AUSTRALIA
The Australian
Dan Box
From: The Australian
November 18, 2013
EMILY was eight days short of her third birthday when she was taken from her parents by a magistrate in Bowral, in the NSW Southern Highlands, and “committed to the care” of the state government, court records show.
Despite her parents’ desperate attempts to get her back, and her own struggles to tell government workers what was happening, Emily (not her real name) was placed with a foster father who raped her repeatedly for years.
At the time, she feels, nobody listened. “The pain never really goes away,” says the 54-year-old, who now lives in Innisfail, in far north Queensland. ” Recently I have been told that I have a meeting with the royal commission. I felt relief, sheer relief someone is going to take notice.”

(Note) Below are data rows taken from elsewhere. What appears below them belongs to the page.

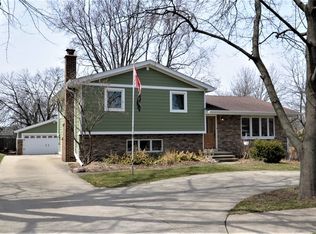 6000 Puffer Rd, Downers Grove, IL 60516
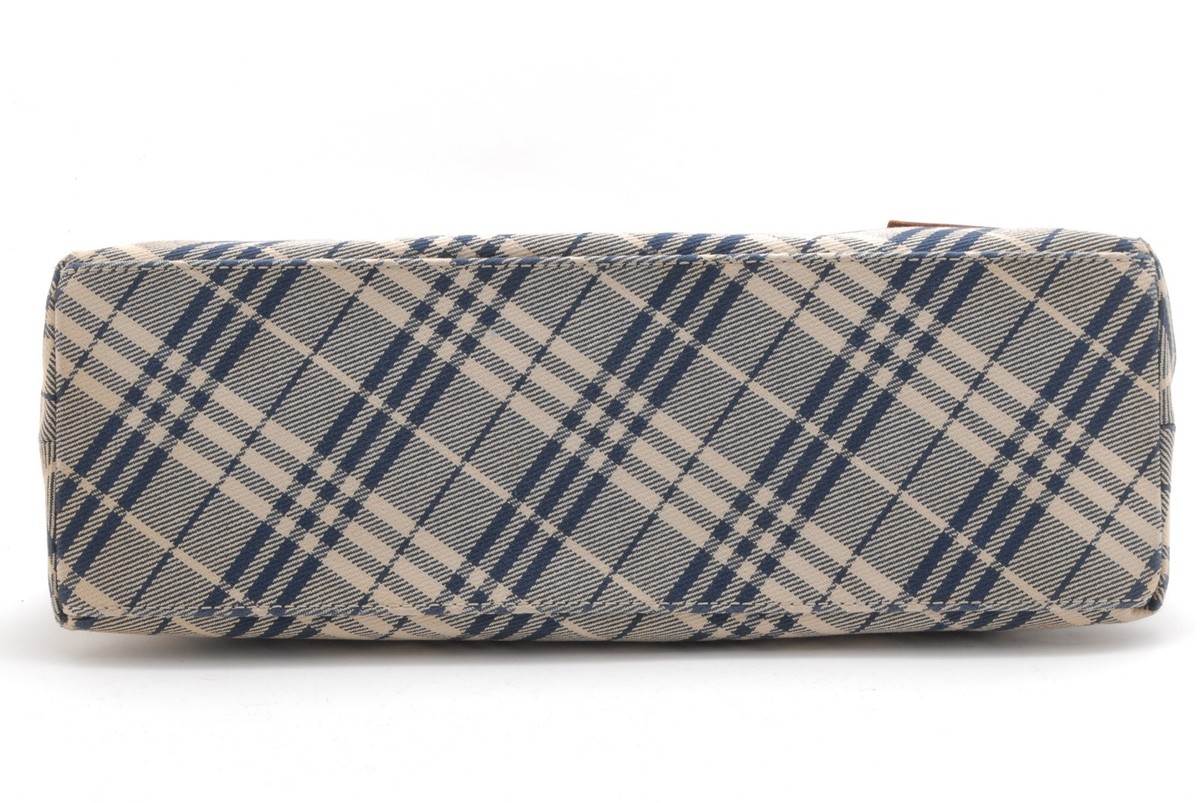 美品Burberry Blue Label Shoulder Bag Check Burberry Blue Label Check Canvas Shoulder Bag Beige Navy Leather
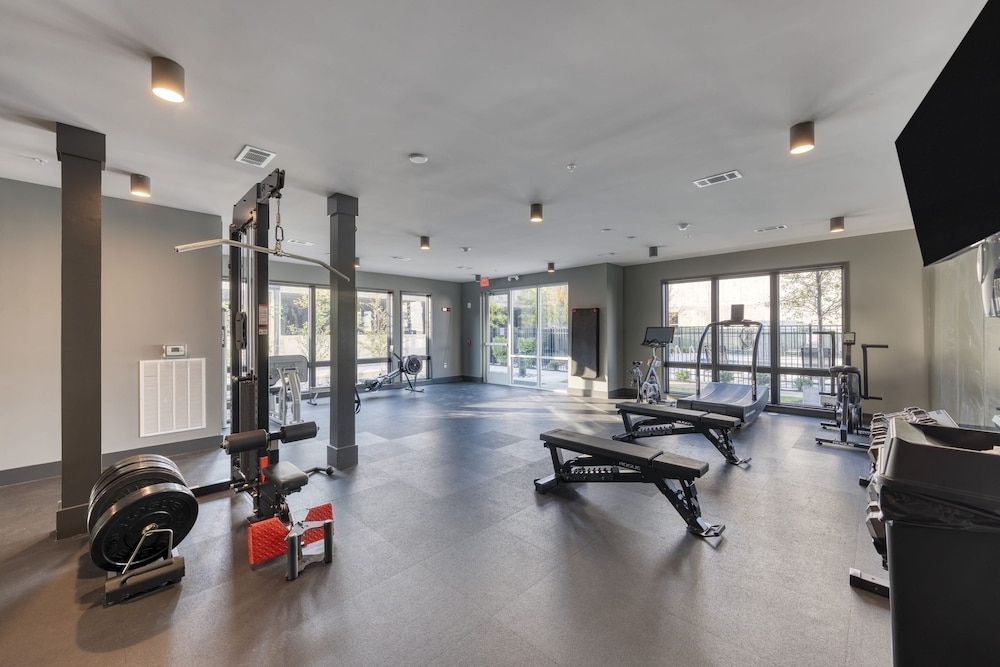 Wonderstruck Walkable Midtown Location at Odyssey Pool BBQ Fitness Room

GRAPHIC: Scale of the task
Today, the federal Royal Commission into Institutional Responses to Child Sexual Abuse begins the first of two major public hearings, not into Emily’s case itself, but into the thing she says later saved her life – the church.
Many within the two denominations facing investigation, Anglican and Catholic, expect the evidence to be an ordeal. Indeed, they say, it needs to be if these institutions are to find redemption after what has taken place.
Explicitly, no one organisation will be the focus of the royal commission’s work. At the time it was established, last November, the then prime minister Julia Gillard said: “This is a royal commission that would be looking across religious organisations, as well as state-based care and into the not-for-profit sector.”